A TV Globo está completando 60 anos e enfrenta novos desafios com a concorrência e o crescimento do streaming. O diretor-executivo Amauri Soares propõe a TV 3.0, um modelo que torna a televisão mais interativa e personalizável. Ele acredita que é importante ter uma métrica única de audiência que inclua tanto a TV quanto as plataformas digitais. Soares também comentou sobre o sucesso da novela “Vale Tudo”, que está gerando muito engajamento nas redes sociais, e defendeu que a Globo continua relevante para discussões sociais. Ele criticou a falta de regulação nas plataformas digitais, que não garantem a proteção da propriedade intelectual, e destacou que a audiência da TV aberta é mais confiável. Soares explicou que a queda de audiência em alguns programas não significa que o conteúdo não é relevante, citando o exemplo do Big Brother Brasil, que teve menos audiência linear, mas dominou as conversas online. A Globo está investindo em produções de qualidade e mudando sua política de contratação de artistas. Ele também mencionou a importância de regular o uso de inteligência artificial para proteger conteúdos.
A TV Globo celebra 60 anos de história e enfrenta novos desafios no cenário audiovisual. O diretor-executivo da emissora, Amauri Soares, defende a implementação da TV 3.0, um modelo interativo que promete modernizar a televisão aberta. Em entrevista, Soares destacou a importância de uma métrica única de audiência que considere tanto a TV quanto o streaming.

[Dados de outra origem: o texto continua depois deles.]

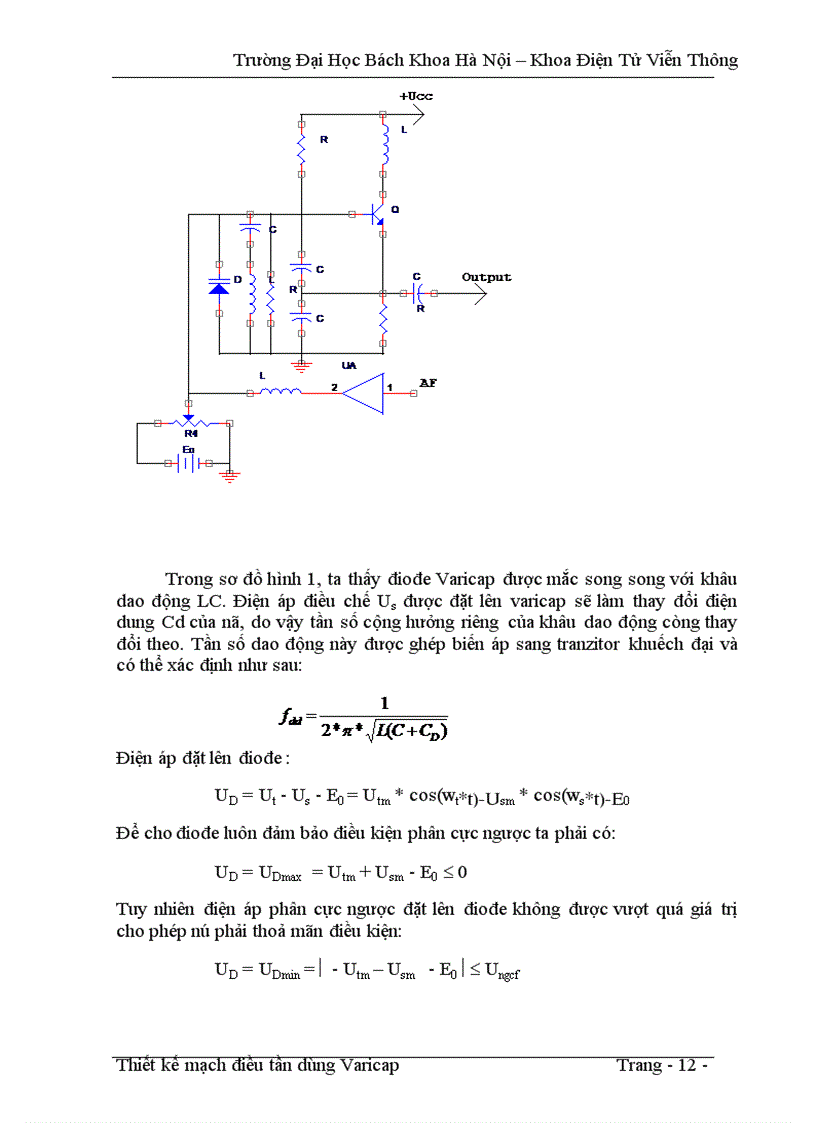 image for page Thiết kế mạch điều tần dùng Varicap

Soares expressou otimismo com os resultados iniciais da novela “Vale Tudo”, que já gera engajamento significativo nas redes sociais. Ele afirmou que a Globo continua a ser um espaço relevante para discussões sociais e culturais. “Por todas as métricas que a gente olhe, a Globo cresceu”, afirmou.
O executivo criticou a falta de regulação nas plataformas digitais, que, segundo ele, não respeitam a propriedade intelectual. “A audiência da TV aberta é auditável, enquanto os dados dos players digitais não são transparentes”, ressaltou. Soares também se posicionou contra a ideia de que a programação da Globo é conservadora, afirmando que a emissora continua a propor pautas relevantes.
A TV 3.0 é vista como uma fusão entre a TV aberta tradicional e recursos que permitem a personalização do consumo. Soares acredita que essa inovação pode transformar a experiência do espectador e do anunciante. Ele também comentou sobre a necessidade de uma métrica única de audiência, que ainda não existe no Brasil, o que gera insegurança no mercado.
Sobre a queda de audiência em alguns programas, Soares explicou que a percepção de relevância vai além dos números. O Big Brother Brasil, por exemplo, teve uma audiência linear menor, mas dominou as conversas nas redes sociais. “Isso indica a relevância do conteúdo”, disse.
A Globo, segundo Soares, não compete com conteúdo gerado por usuários, mas continua a investir em jornalismo profissional e produções de alta qualidade. Ele também mencionou a nova política de contratação de artistas, que agora inclui contratos por obra, além de contratos vitalícios e de exclusividade.
Por fim, Soares afirmou que a emissora está atenta ao uso de inteligência artificial e à manipulação de conteúdos. Ele enfatizou a necessidade de regulação para proteger a propriedade intelectual, alertando que a falta de responsabilidade nas plataformas digitais é insustentável.